- Opening Delimiter -

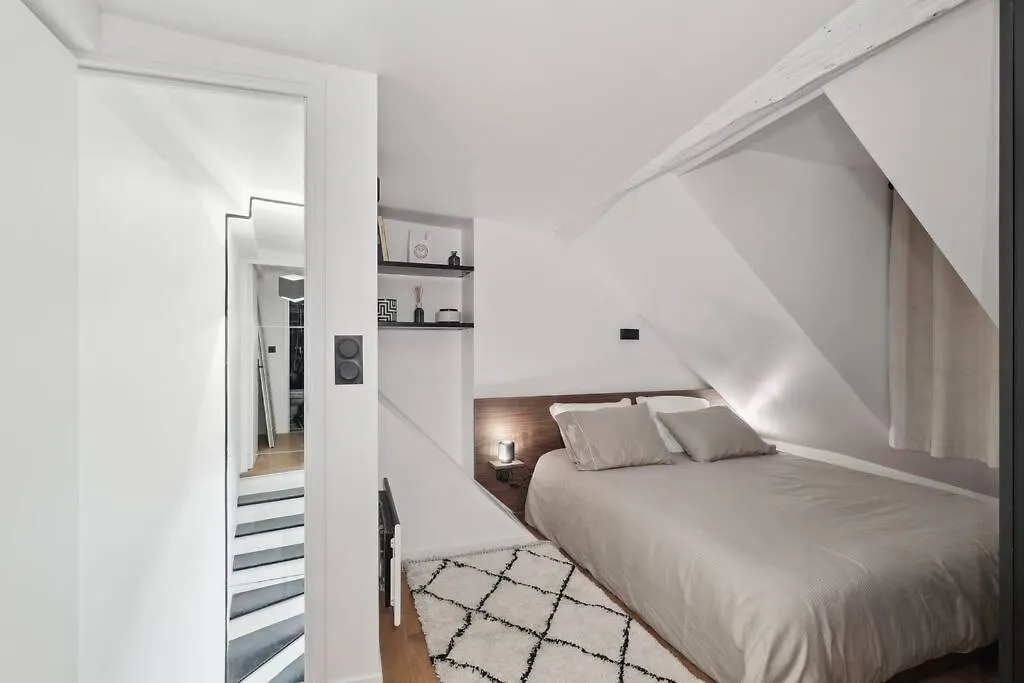Duplex Quartier Du Louvre 75002 Апартаменты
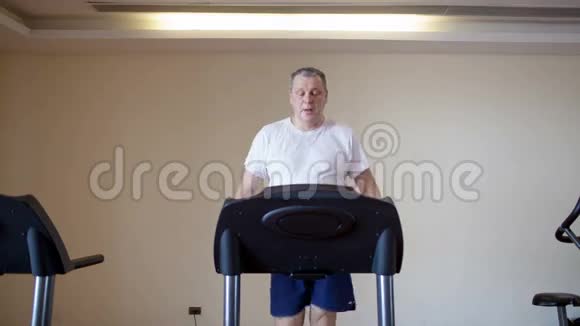 中年男子在跑步机上锻炼视频的预览图
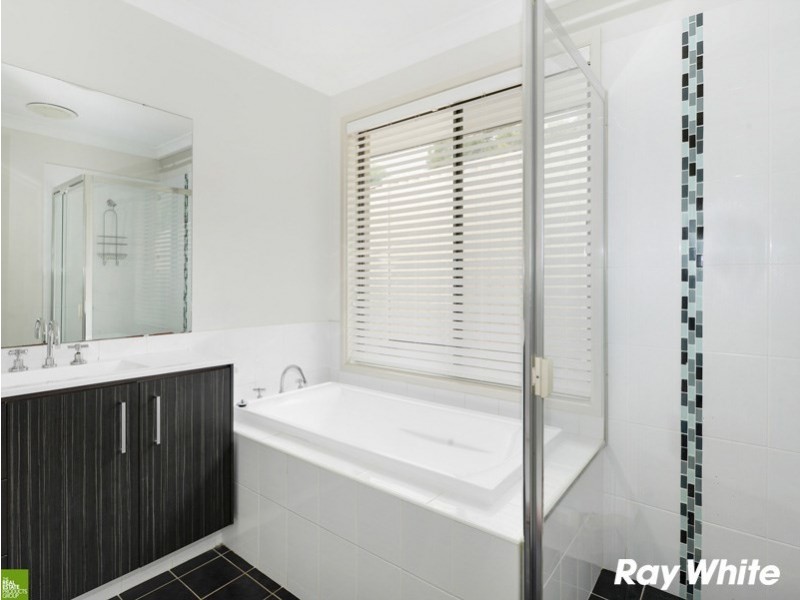 18 Waterford Terrace, Albion Park NSW 2527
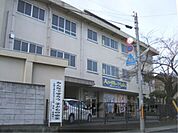勝山中学校まで1100メートル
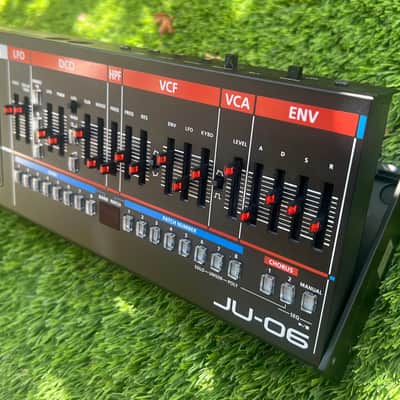 Roland JU-06 Boutique Series Digital Synthesizer w/ Decksaver & Dock image 2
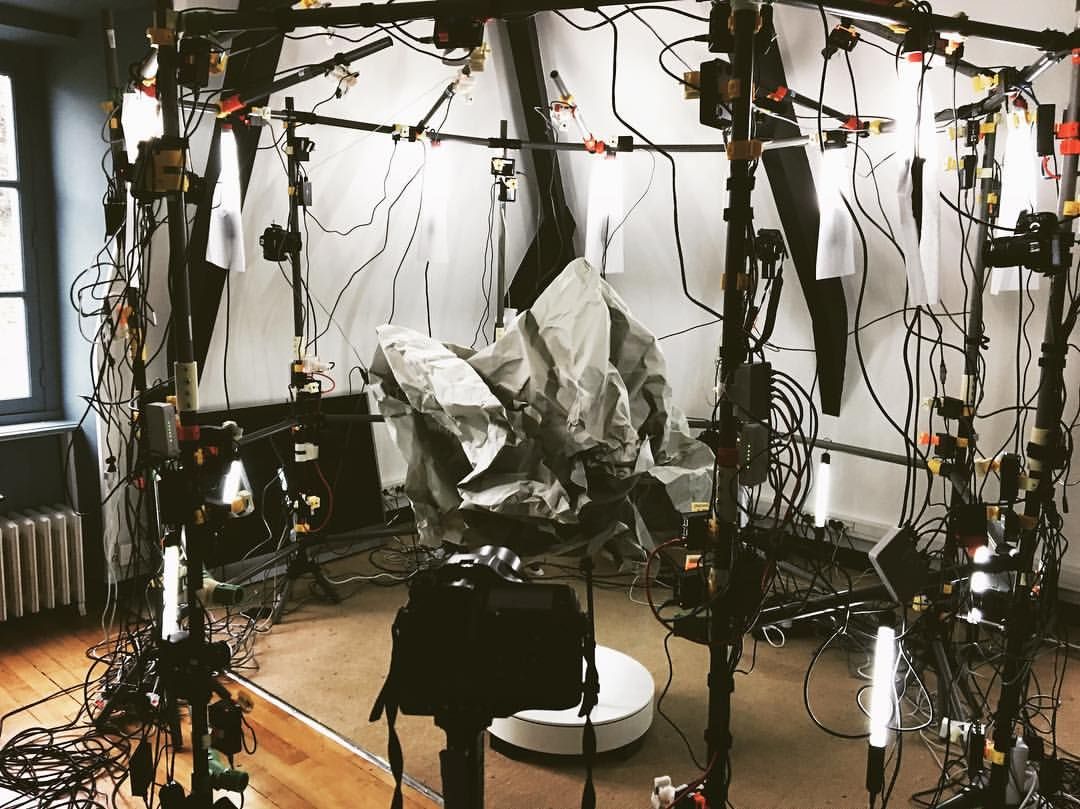 argosrig's tweet photo. We also did a 3D Capture of an artwork made by @DerocheBenjamin  (Photo by @thecornerfr )  We are currently in our test phase #ArgosVR https://t.co/JfrhSDvgEY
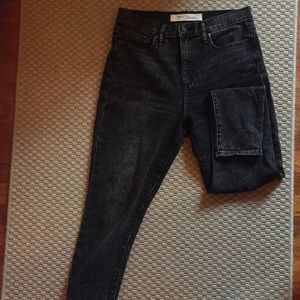 Gap for Good 1969. True Skinny Super High Rise.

- Closing Delimiter -

• [EXERCISE REQUIREMENTS]:
Only the lines from the one containing "argosrig's tweet photo." through the final line of the records should be retyped, exactly, with every picture omitted.

• [ANSWER SECTION]:
 argosrig's tweet photo. We also did a 3D Capture of an artwork made by @DerocheBenjamin  (Photo by @thecornerfr )  We are currently in our test phase #ArgosVR https://t.co/JfrhSDvgEY
 Gap for Good 1969. True Skinny Super High Rise.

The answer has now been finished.